There's something inevitable, as well as heartening, about the workers' occupation of Republic Windows and Doors that began on Dec. 5 and ended today in victory. After all the talk about the nation being ensnared in "the greatest economic crisis since the Great Depression," laid-off employees at the small Chicago firm seized upon a tactic not widely used in the United States since Franklin Roosevelt was in the White House. During the late 1930s, thousands of workers -- in dozens of factories and a few department stores -- sat down on the job, forcing their employers to grant them union contracts and higher wages. It was the most dramatic moment in an organizational drive that made labor a powerful force in the American economy and a pillar of the Democratic coalition ever since.
But don't expect history to repeat itself. Seventy years ago, most sit-down strikes took place at huge auto and rubber plants -- then essential cogs in the industrial base upon which the whole economy depended. The biggest occupation took place at the General Motors plant in Flint, Michigan, during the winter of 1937; it lasted for six frigid weeks. In contemporary Chicago, the same tactic was successful in only six days. But labor will have to heed other lessons from the past if it hopes to regain something of its past glory.
Although they were breaking the law, the sit-down strikers held the upper hand; there was never a chance GM would go bankrupt or shift production to a country where wages were lower and unions didn't exist. In contrast, the employees holding down the fort at Republic Windows and Doors only demanded the vacation and severance they are due under the union contract. "They're staying because … these workers have nothing to lose at this point," explained an organizer for the United Electrical, Radio and Machine Workers -- known to labor people as the UE. The tactic may not seem particularly novel to the workers; many are immigrants from Latin American countries in which factory occupations occur more frequently than in the United States.
The sit-downers of 2008 did have one advantage over their militant forerunners: unambiguous political support from leading Democrats. FDR, despite his pro-labor reputation, made no public statement about the Flint strike; in private, he urged the warring camps to negotiate a settlement. The president left the messy details to the governor of Michigan, liberal Frank Murphy, who urged GM wage-earners to vacate the plant but refused to order the National Guard to force them out.

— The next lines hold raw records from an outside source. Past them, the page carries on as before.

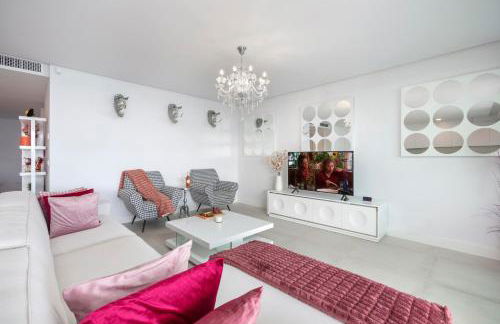 The White House Marbella - Photo 3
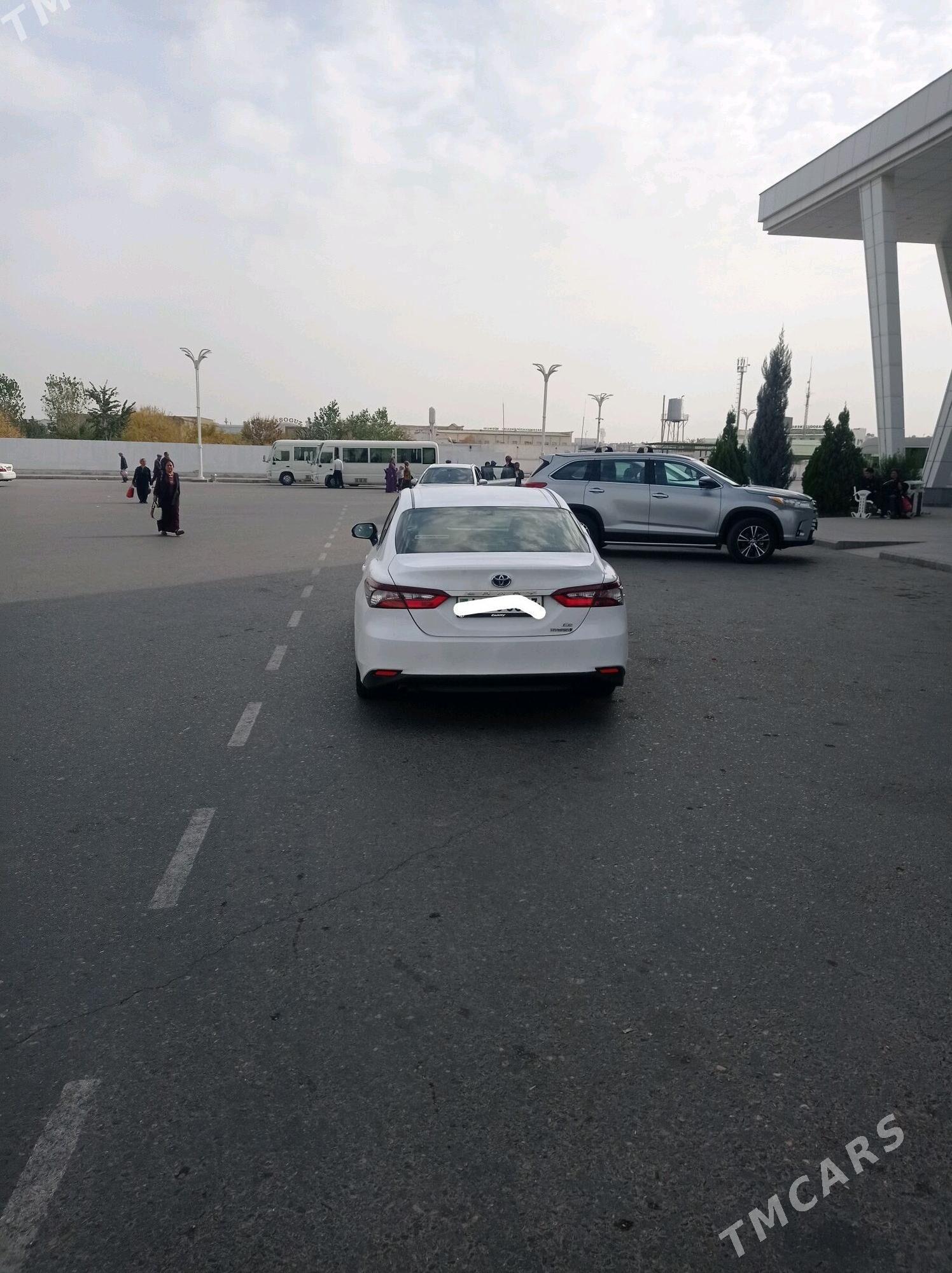 Toyota Camry 2021 - 210 000 TMT - Гурбансолтан Едже - img 3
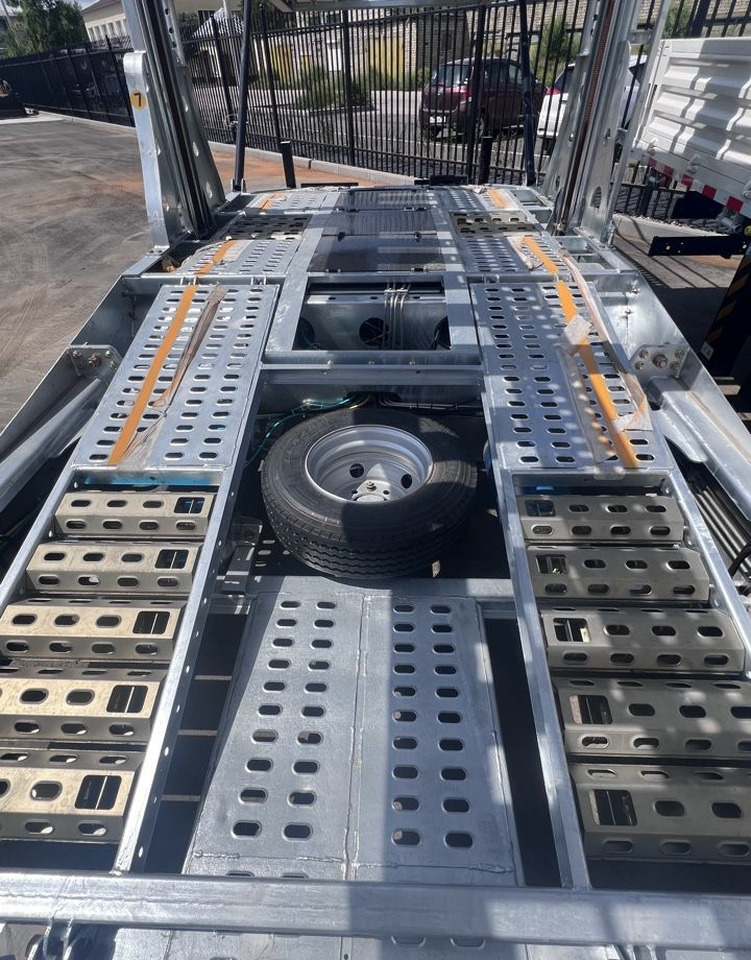 Новый Полуприцеп-автовоз Luxuda LZC9407BG: фото 10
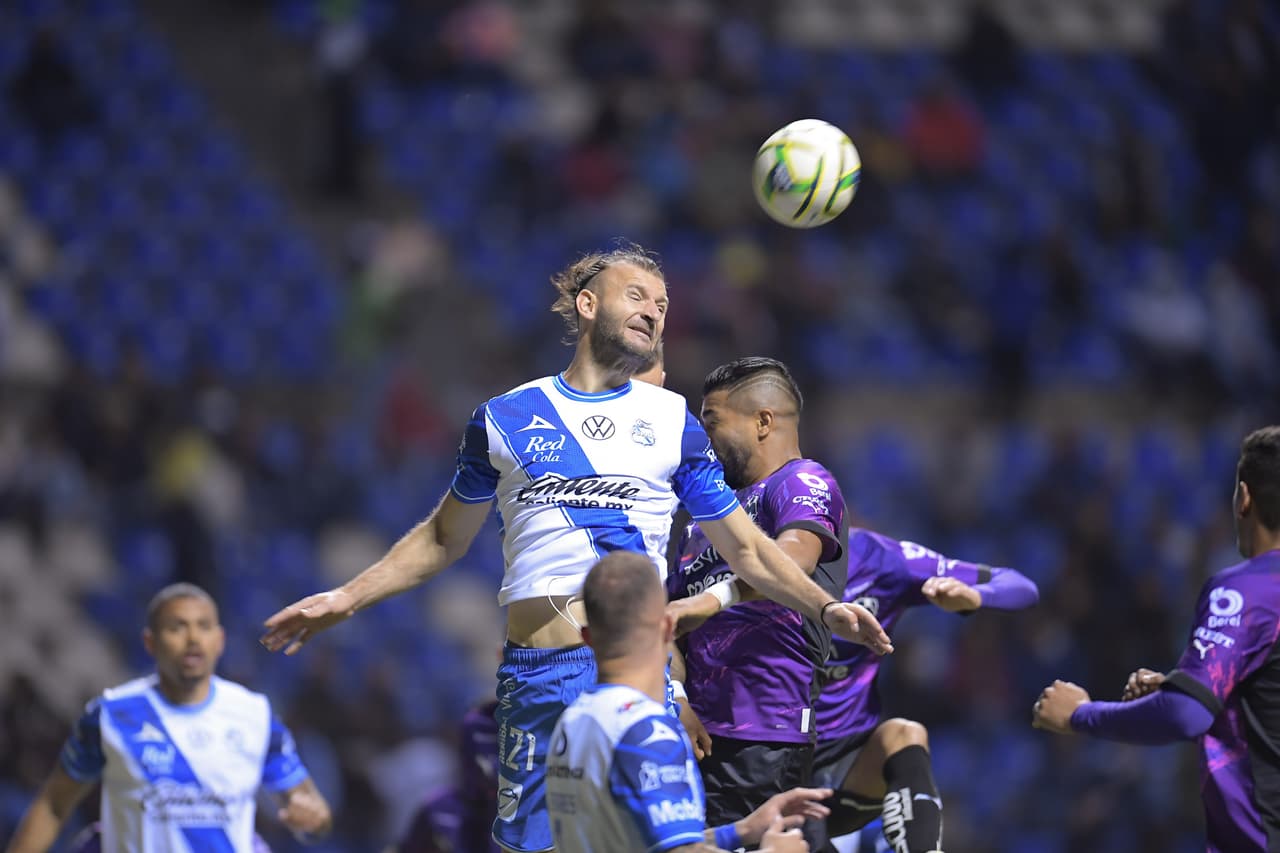 Rayados concretó la voltereta ante Puebla en la Jornada 4 con golazos de Alfonso González y Rodrigo Aguirre. Federico Mancuello abrió el marcador para La Franja, que no supo cuidar la ligera ventaja. El VAR anuló de forma polémica dos goles de Rogelio Funes Mori.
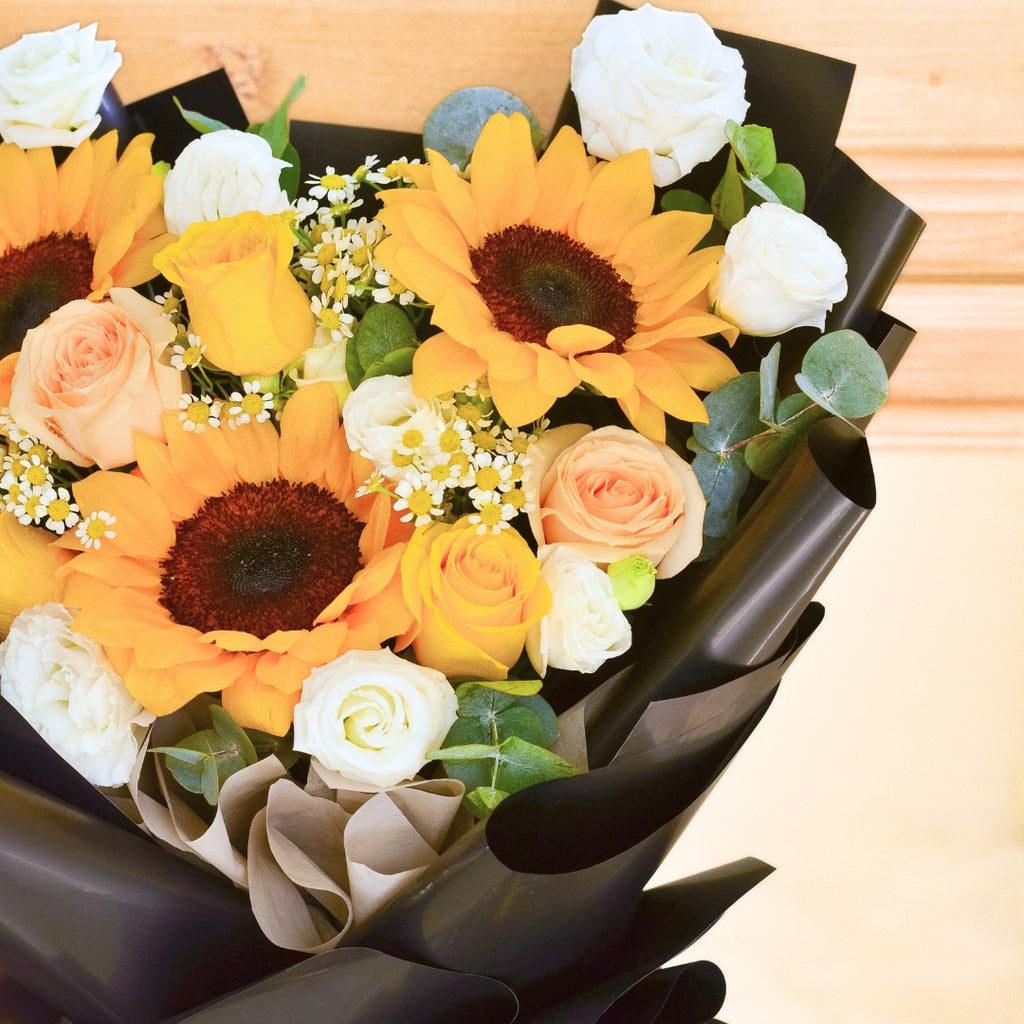 Sunflower Vista Flower Bouquet image 6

This time around, however, leading Democrats stood by the occupiers from the start. President-elect Barack Obama asserted, "The workers who are asking for their benefits and payments they have earned … are absolutely right. What's happening to them is reflective of what's happening across this economy." FDR never said anything so supportive about striking workers. Before he was arrested, Gov. Rod Blagojevich of Illinois ordered his state to "suspend doing any business with Bank of America" until the financial giant restored a line of credit to Republic that should allow the firm to fulfill its contractual obligations. The local congressman, Luis Guiterrez, helped pressure both corporations to do the right thing.
This is a happy development for anyone who cares about the health of the labor movement. In U.S. history, unions have rarely advanced without the support or at least friendly neutrality of powerful politicians. Corporations seldom agree to bargain with labor unless they have no alternative. A liberal government can pass laws that require employers to behave responsibly -- and condemn firms that betray the common good.
But even sympathetic politicians will soon turn away from unions that lose the backing of the public. During the early Cold War, the officials of some labor organizations -- including the same UE that represents workers at Republic -- belonged to the Communist Party and refused to denounce the Soviet Union. Democrats shunned them, and the mainstream of the labor movement treated them as pariahs. Attacked by Red-baiting congressmen and competing unions, the UE's membership quickly shriveled.
Today's labor movement expects the new president and his majority in Congress to enact the Employee Free Choice Act (EFCA) which will, in theory, make it easier to organize new members. But it is one thing to side with laid-off workers demanding pay they deserve and quite another to help unions gain enhanced power that could threaten the control and profits of a company like Wal-Mart upon which thousands of communities depend.
To make that leap, labor needs to recover the kind of moral vision that once convinced thousands of workers to spend their winter next to cold machines, awaiting a military assault that, thankfully, never came. Their vision went under the name of "industrial democracy." Seven decades later, unions in the Obama era will need something better than "nothing left to lose."